◆ **Data listing**
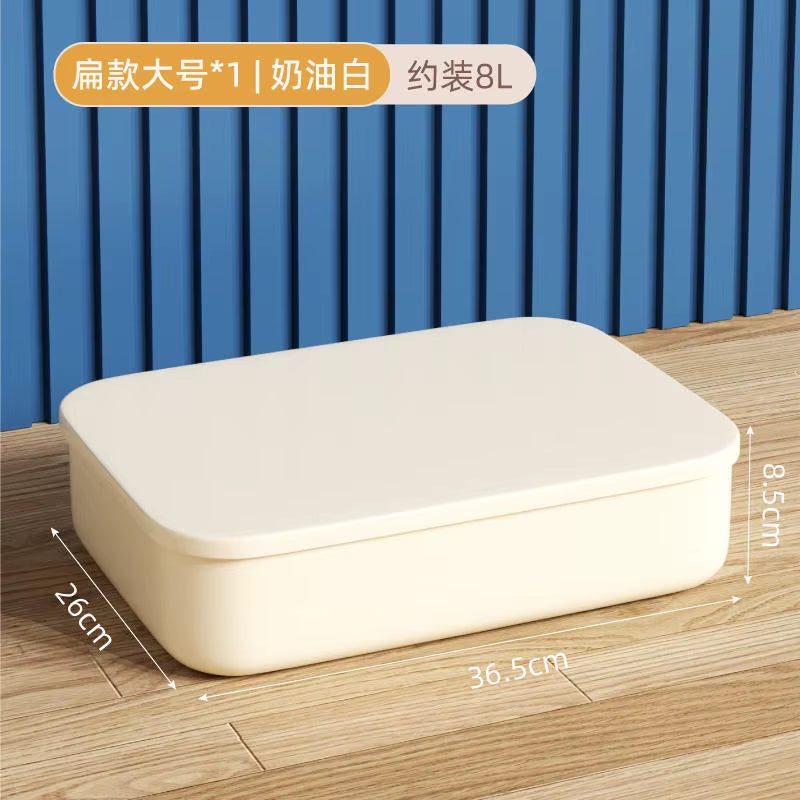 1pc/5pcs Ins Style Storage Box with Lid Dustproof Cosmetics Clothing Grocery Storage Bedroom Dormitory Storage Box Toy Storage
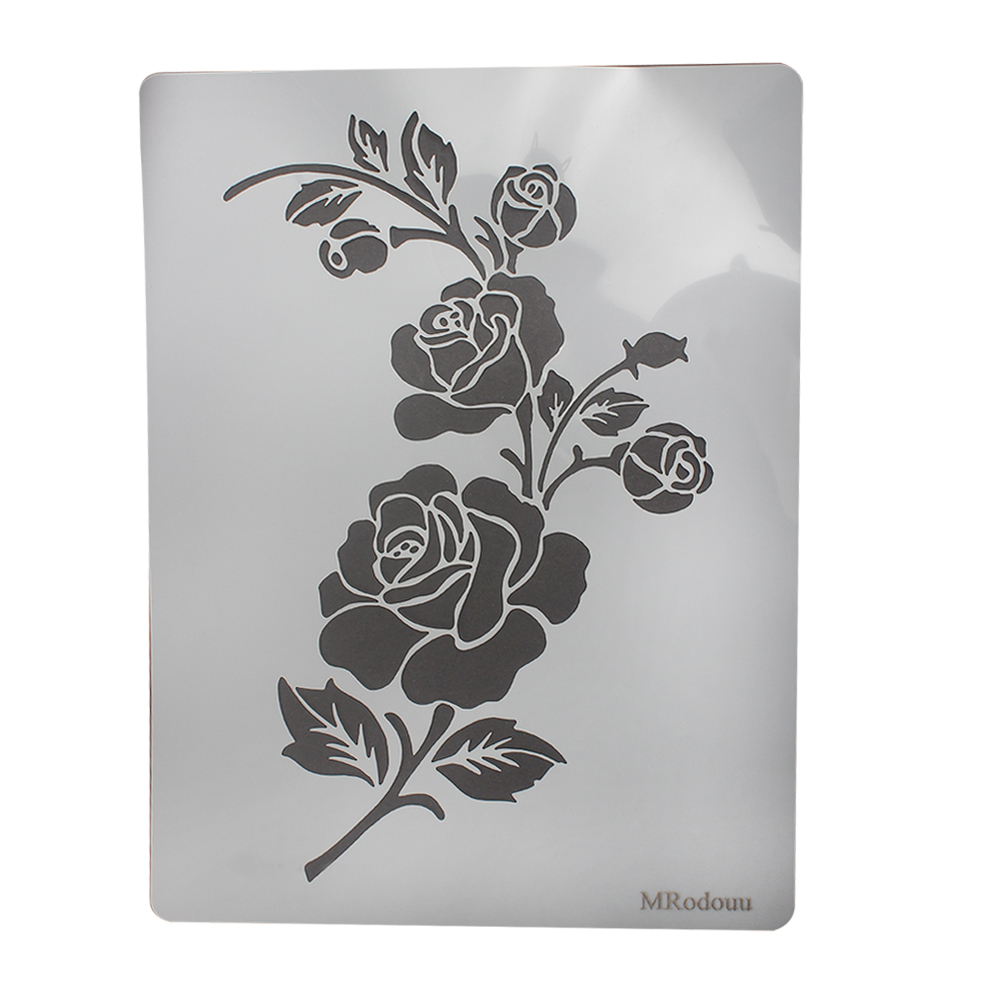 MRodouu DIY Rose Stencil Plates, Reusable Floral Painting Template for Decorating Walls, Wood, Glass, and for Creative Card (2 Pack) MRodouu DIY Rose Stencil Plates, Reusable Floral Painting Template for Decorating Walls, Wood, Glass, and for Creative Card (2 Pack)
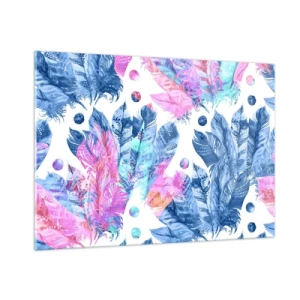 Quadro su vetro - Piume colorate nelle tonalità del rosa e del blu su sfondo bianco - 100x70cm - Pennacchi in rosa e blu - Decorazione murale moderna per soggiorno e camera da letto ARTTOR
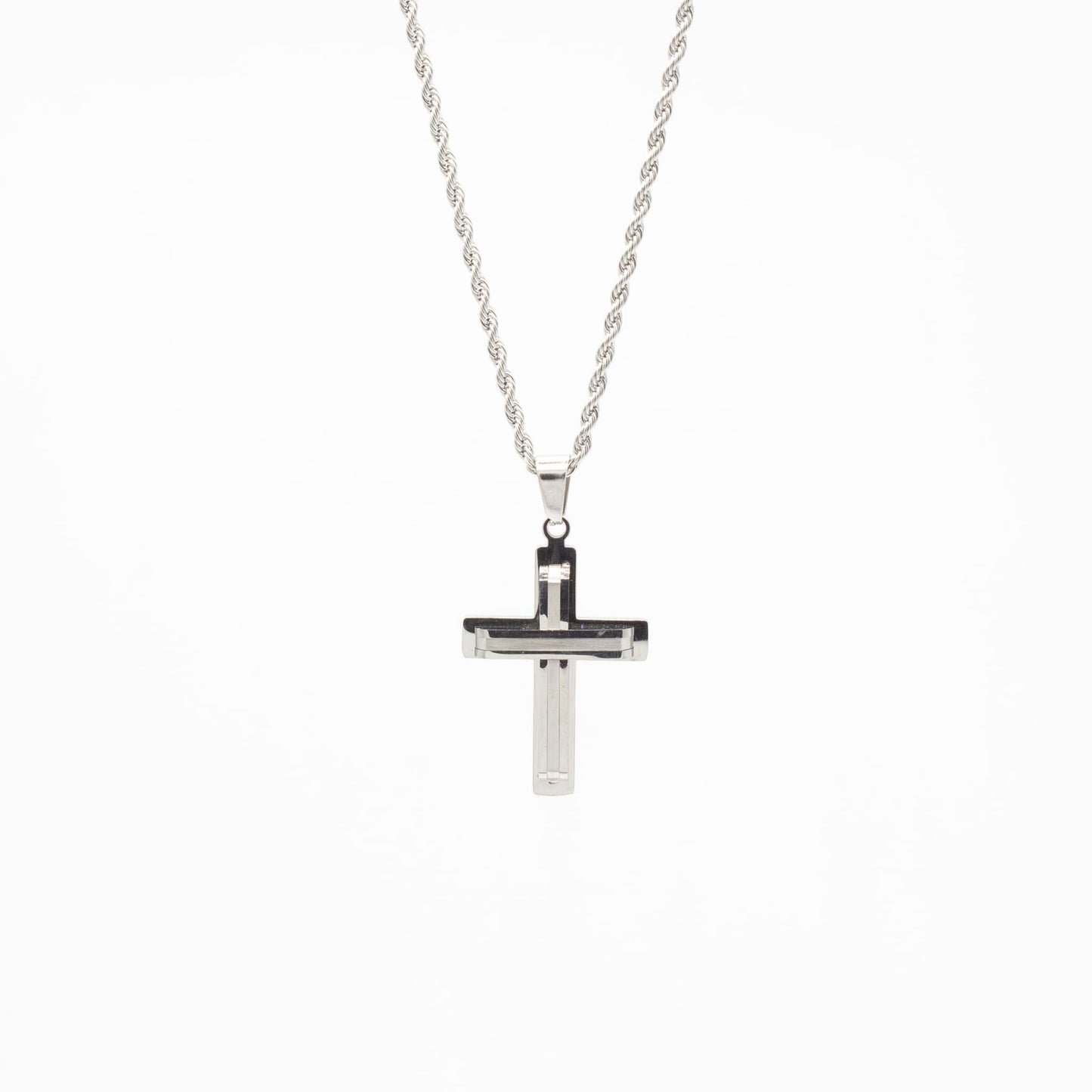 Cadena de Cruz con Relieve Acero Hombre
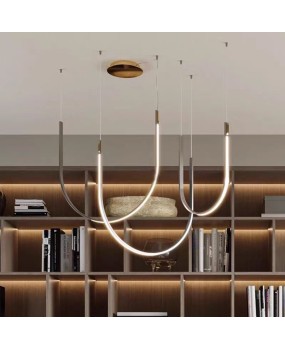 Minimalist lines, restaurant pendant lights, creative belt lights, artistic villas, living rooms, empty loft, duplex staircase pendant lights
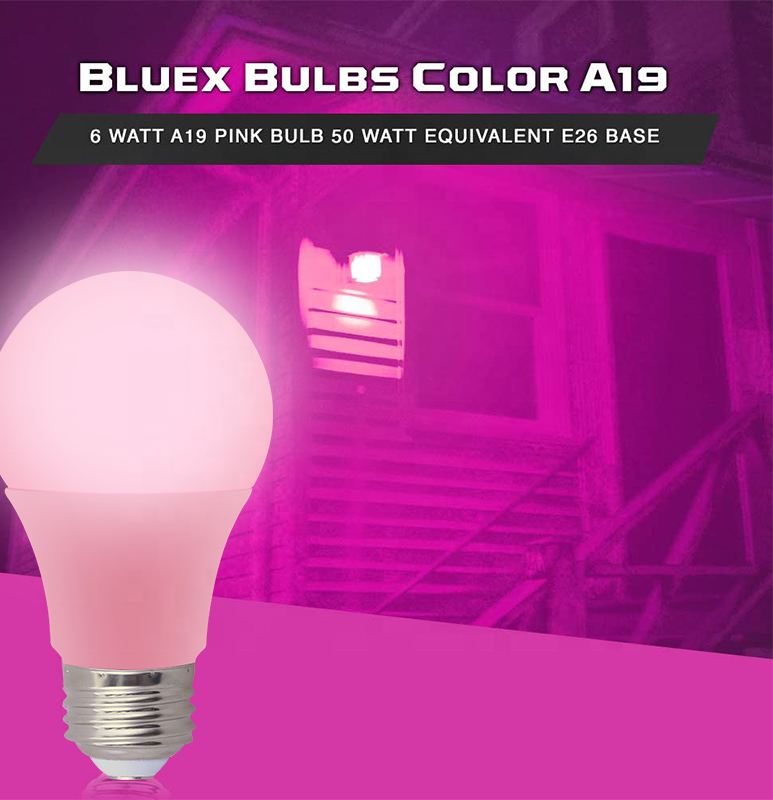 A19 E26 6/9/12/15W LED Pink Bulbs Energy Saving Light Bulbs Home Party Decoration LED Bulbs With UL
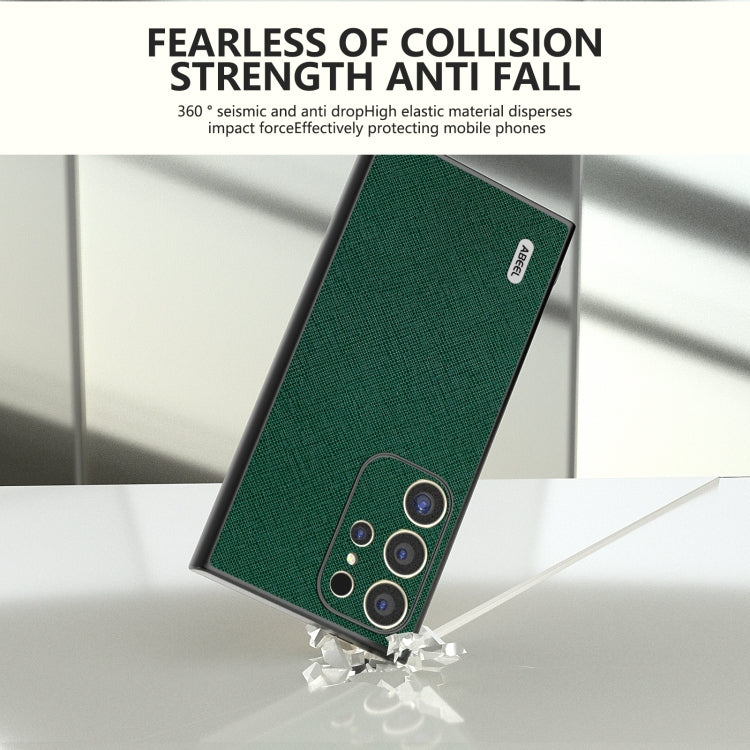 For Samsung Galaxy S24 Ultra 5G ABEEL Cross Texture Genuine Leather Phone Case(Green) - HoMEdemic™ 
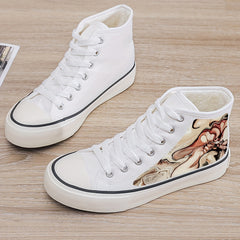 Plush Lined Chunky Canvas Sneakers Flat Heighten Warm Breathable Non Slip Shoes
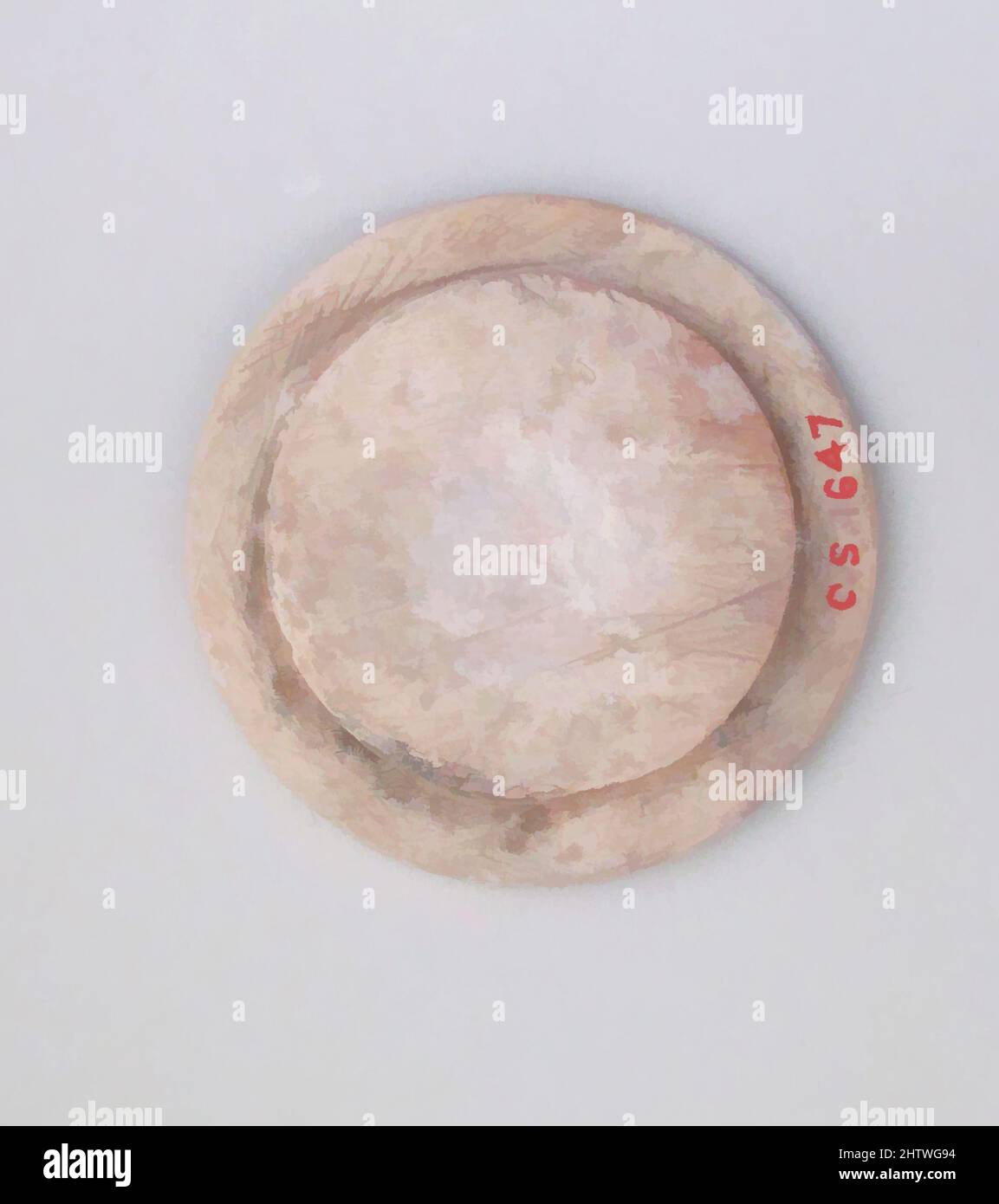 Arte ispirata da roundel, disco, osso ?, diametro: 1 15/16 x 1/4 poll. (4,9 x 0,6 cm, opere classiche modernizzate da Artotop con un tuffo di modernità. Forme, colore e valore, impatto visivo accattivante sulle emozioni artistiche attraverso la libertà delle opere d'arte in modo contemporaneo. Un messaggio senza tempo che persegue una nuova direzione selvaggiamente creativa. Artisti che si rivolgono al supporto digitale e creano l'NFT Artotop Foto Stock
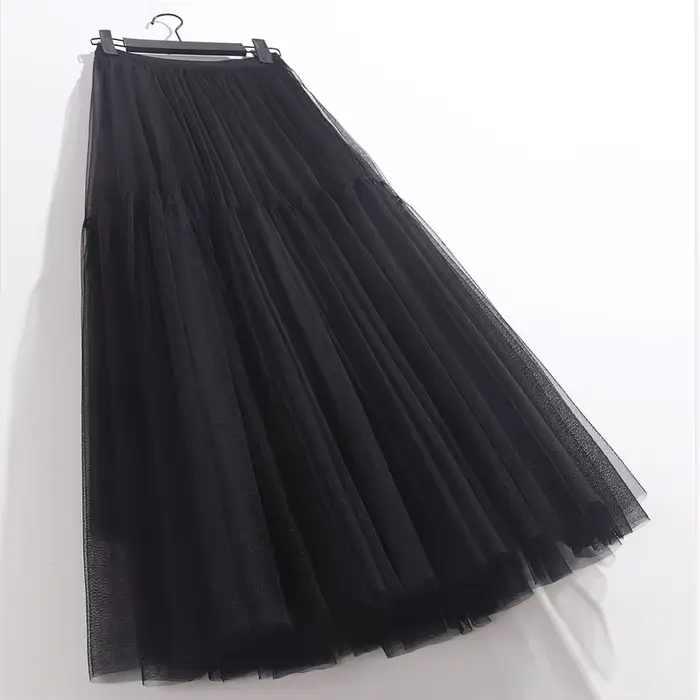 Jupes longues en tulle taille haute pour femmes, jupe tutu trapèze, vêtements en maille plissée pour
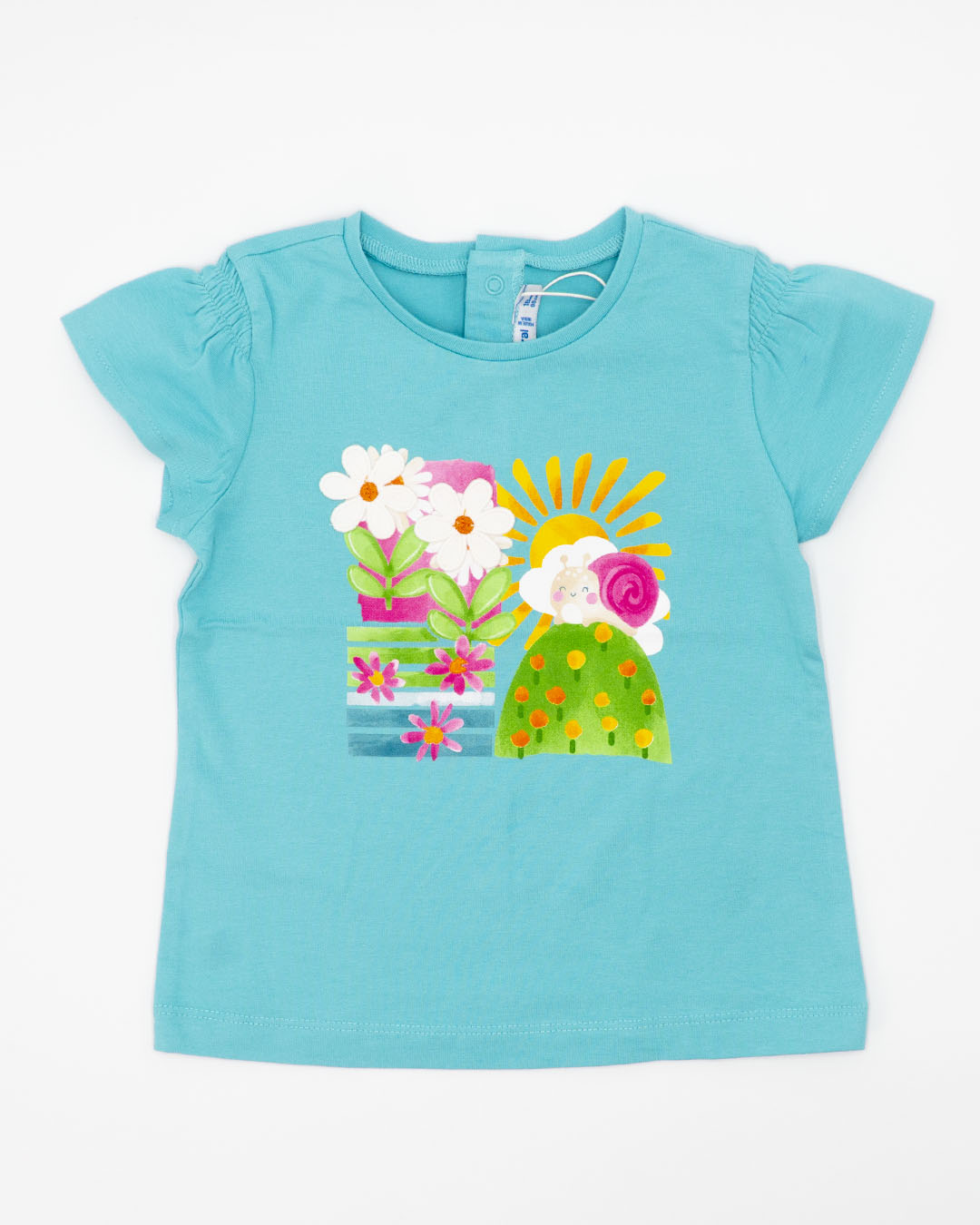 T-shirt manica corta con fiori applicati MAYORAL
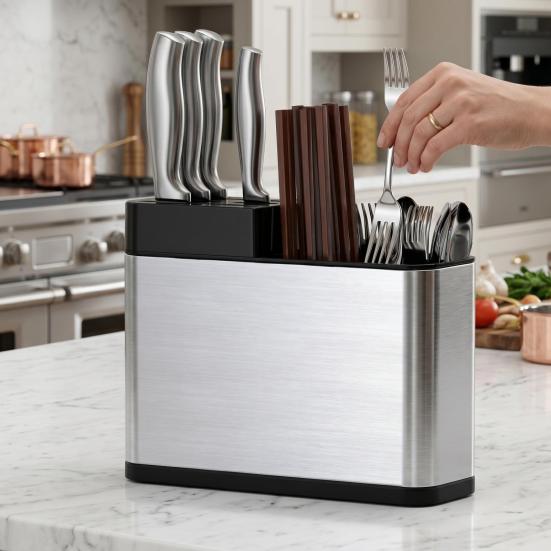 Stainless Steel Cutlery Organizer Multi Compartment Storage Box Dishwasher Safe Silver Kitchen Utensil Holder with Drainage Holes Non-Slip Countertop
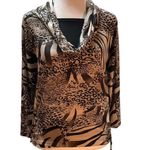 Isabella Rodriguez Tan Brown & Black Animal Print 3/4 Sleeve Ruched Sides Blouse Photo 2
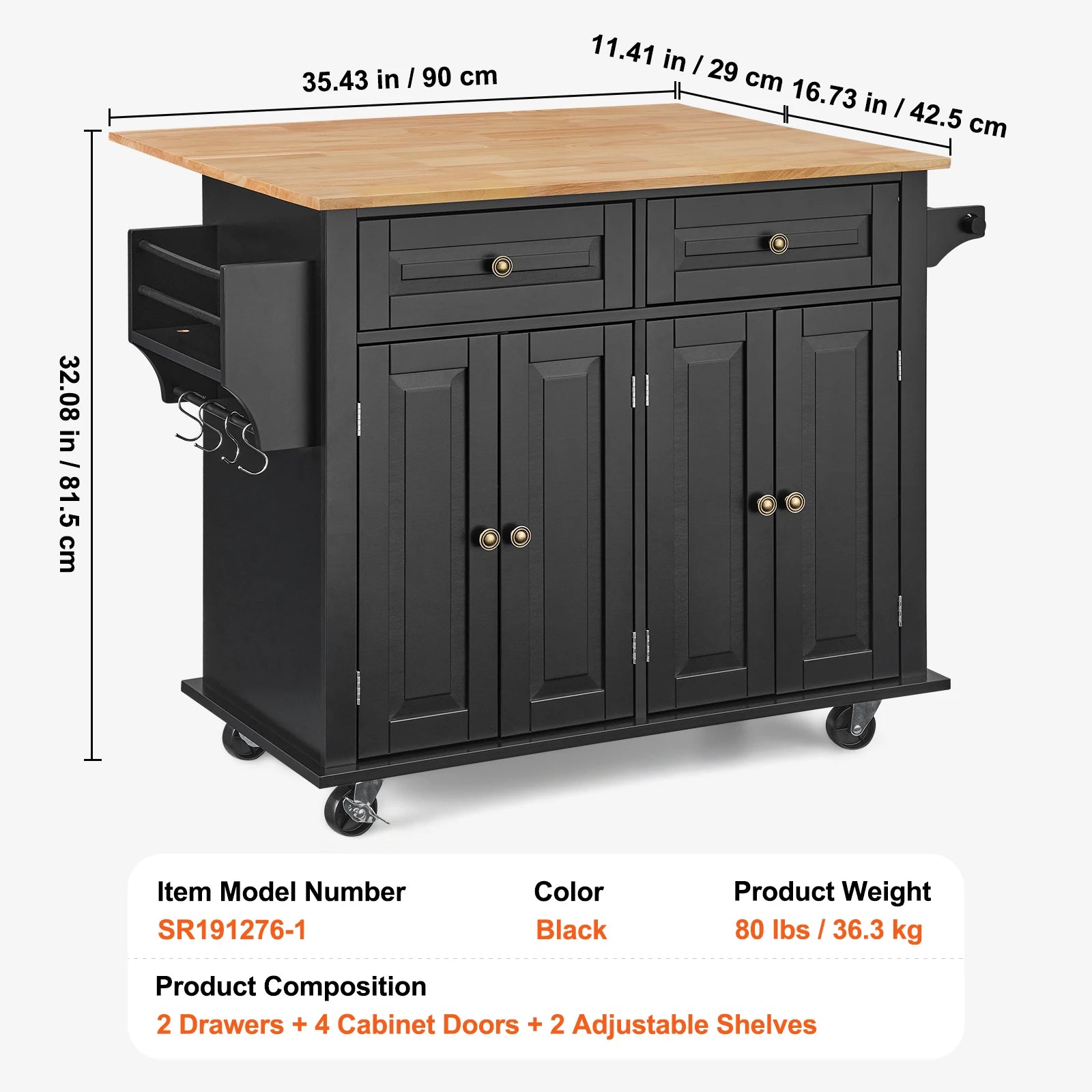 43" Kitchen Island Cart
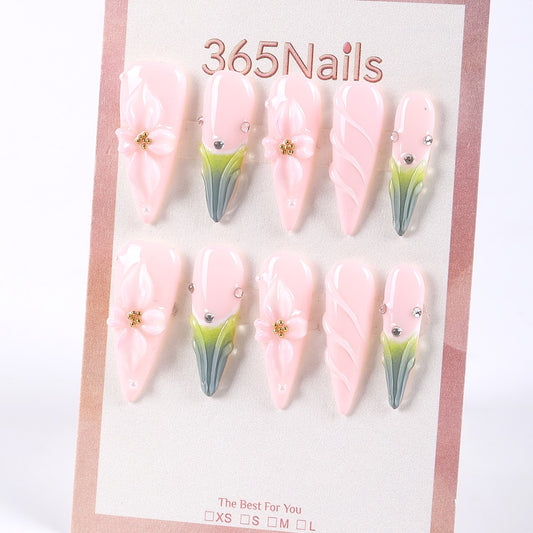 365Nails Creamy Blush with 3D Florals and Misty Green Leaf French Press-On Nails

◆ **What is required**
Retype the records above exactly, starting at the line that contains "Stainless Steel Cutlery" and going through the last line, and leave out any pictures.

◆ **Response**
 Stainless Steel Cutlery Organizer Multi Compartment Storage Box Dishwasher Safe Silver Kitchen Utensil Holder with Drainage Holes Non-Slip Countertop
 Isabella Rodriguez Tan Brown & Black Animal Print 3/4 Sleeve Ruched Sides Blouse Photo 2
 43" Kitchen Island Cart
 365Nails Creamy Blush with 3D Florals and Misty Green Leaf French Press-On Nails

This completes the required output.